(WHAT YOU HAVE TO DO):
Take the lines from the one containing "Συρία: Εννέα θύματα" through the final line below and restate them exactly. Omit the pictures.

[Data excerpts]
################

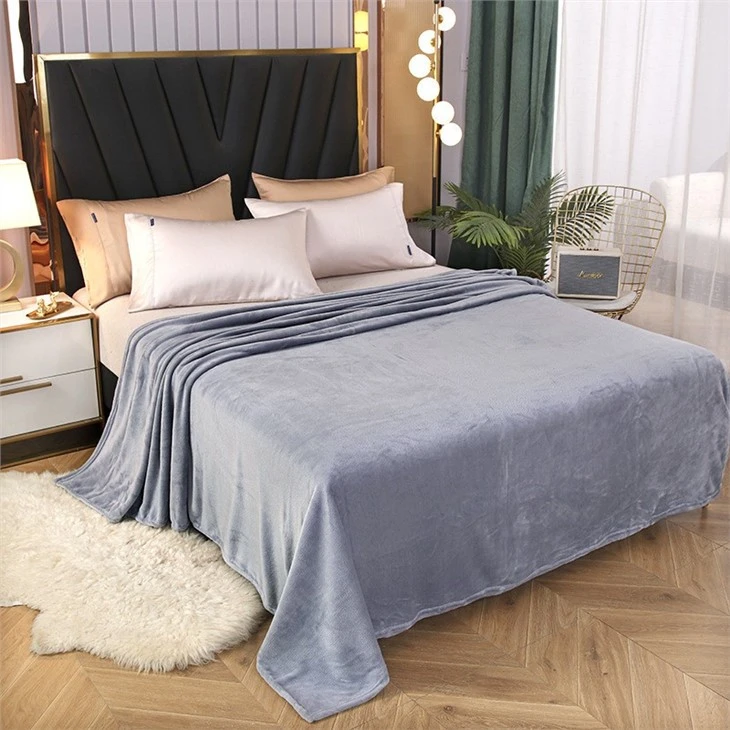 Coral Fleece Blanket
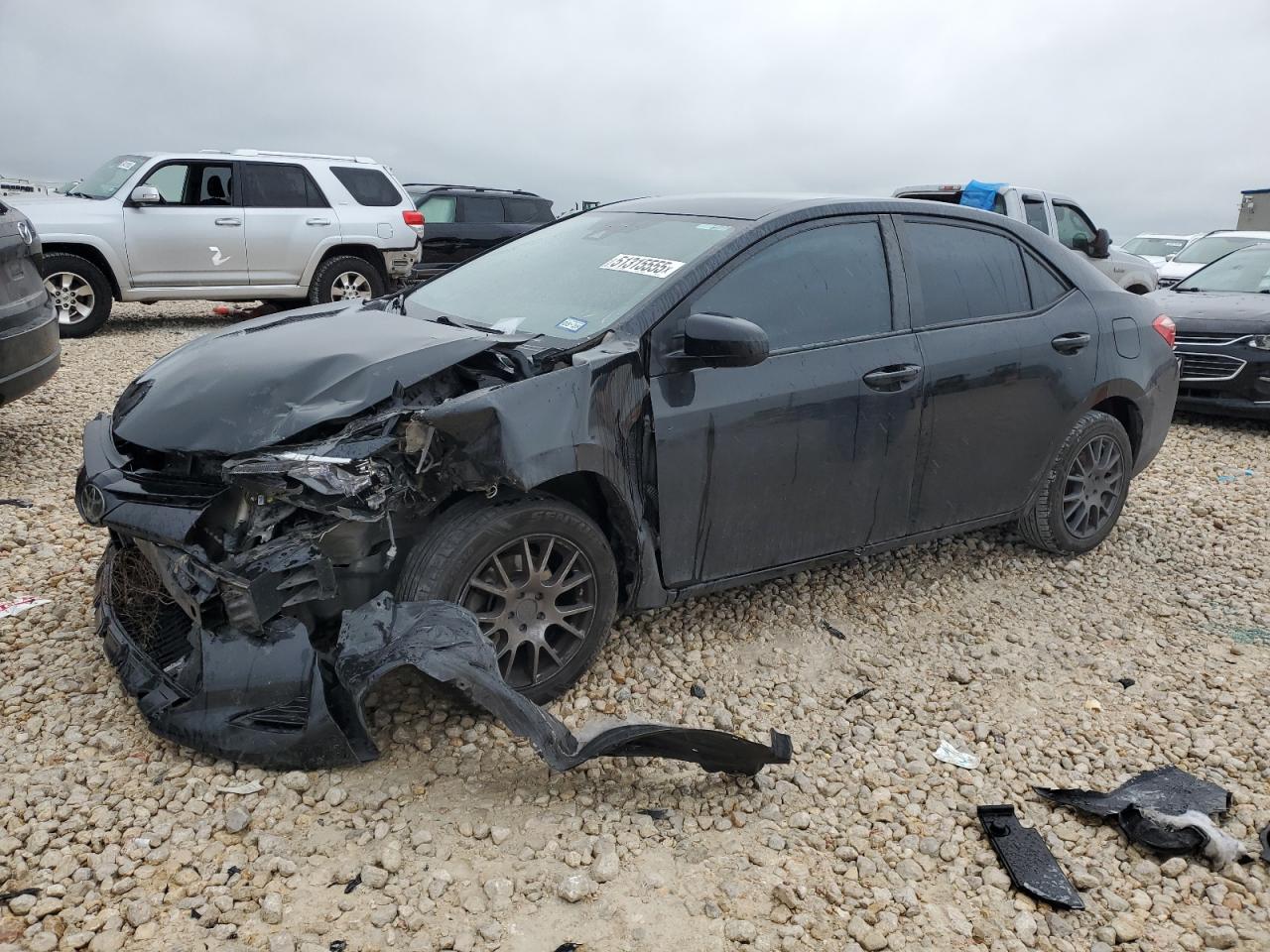 TOYOTA COROLLA L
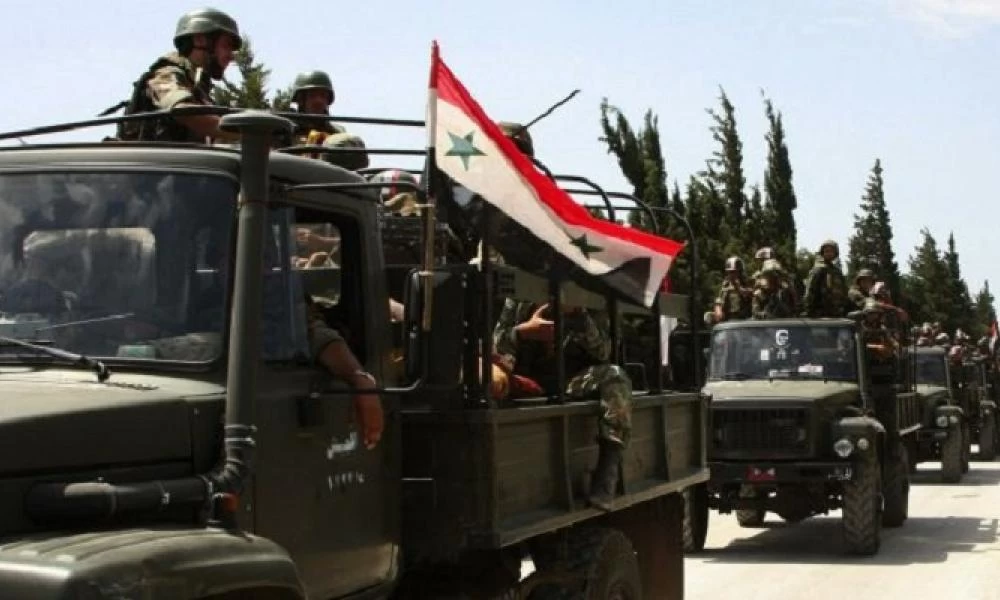 Συρία: Εννέα θύματα από επίθεση τζιχαντιστών -Επτά νεκροί στρατιώτες του Άσαντ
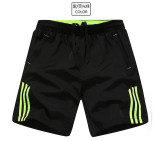 2017 new summer quick-drying mens shorts thin section breathable leisure beach shorts men bermuda trousers size XL-6XL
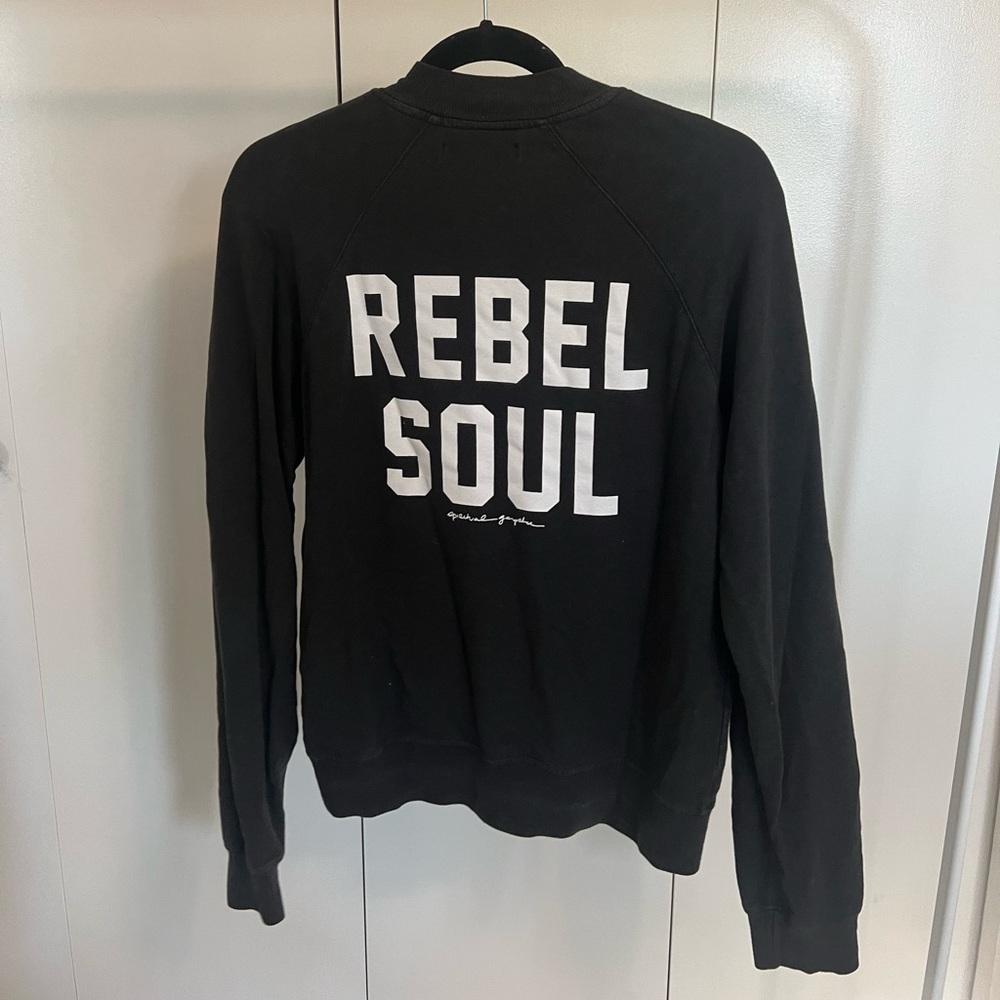 Spiritual Gangster Zip Up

################

(EXERCISE ANSWER):
 Συρία: Εννέα θύματα από επίθεση τζιχαντιστών -Επτά νεκροί στρατιώτες του Άσαντ
 2017 new summer quick-drying mens shorts thin section breathable leisure beach shorts men bermuda trousers size XL-6XL
 Spiritual Gangster Zip Up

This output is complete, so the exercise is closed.